Now people are actively laughing at Neymar and Brazil. That’s a shift that’s been building for years.

Egypt Got Robbed or Just Naive?

The Egypt vs. Argentina match has generated a lot of heat. The disallowed goal from Mostafa Ziko is at the center of it. Let’s break down what happened. Marwan Attia made a challenge on Lisandro Martinez near the touchline. The referee saw it and didn’t call a foul. Egypt then played on, worked the ball down the field with three passes, and Ziko finished. The referee didn’t blow the whistle during the buildup. But because Ziko scored, VAR stepped in and awarded Argentina a free kick. If Ziko had put that shot wide, it would have been a goal kick to Argentina.

Dale May from Swindon is calling this decision dishonest. His logic is sound. The tackle wasn’t a red card offense. It wasn’t reckless. It was a committed challenge and Martinez made the most of it. The referee didn’t think it was a foul in real time. So why does VAR get to retroactively award a free kick for a non-red-card tackle that was already seen and judged? It doesn’t follow the rules as they’re written.

Andrew from Canada has a bigger question. What does “clear and obvious” actually mean? If VAR has to be certain, why does the referee need to go to the monitor? If the referee needs to review it, then it wasn’t clear and obvious. The whole system gets muddy when opinions are involved.

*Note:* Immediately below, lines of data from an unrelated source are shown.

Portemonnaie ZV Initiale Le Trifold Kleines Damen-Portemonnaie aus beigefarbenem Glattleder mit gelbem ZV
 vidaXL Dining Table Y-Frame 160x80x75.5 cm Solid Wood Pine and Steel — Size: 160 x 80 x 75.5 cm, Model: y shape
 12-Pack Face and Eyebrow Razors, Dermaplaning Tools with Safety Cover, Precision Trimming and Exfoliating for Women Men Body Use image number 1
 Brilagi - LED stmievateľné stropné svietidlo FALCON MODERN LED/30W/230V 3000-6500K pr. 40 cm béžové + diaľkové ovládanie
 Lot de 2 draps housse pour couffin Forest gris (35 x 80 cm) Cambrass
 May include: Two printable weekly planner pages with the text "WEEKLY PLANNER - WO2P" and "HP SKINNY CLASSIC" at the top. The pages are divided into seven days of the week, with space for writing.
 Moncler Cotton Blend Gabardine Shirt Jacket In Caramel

Paul McDevitt has a different take. He thinks Egypt lost the plot. Going 2-0 up with 15 minutes to play, they should have shut the game down. Instead, Salah kept getting caught on the ball, Marmoush missed a sitter, and the whole bench was too busy reacting emotionally to every decision to manage the game. Argentina, always edgy and happy to use gamesmanship, took full advantage. Egypt were naive.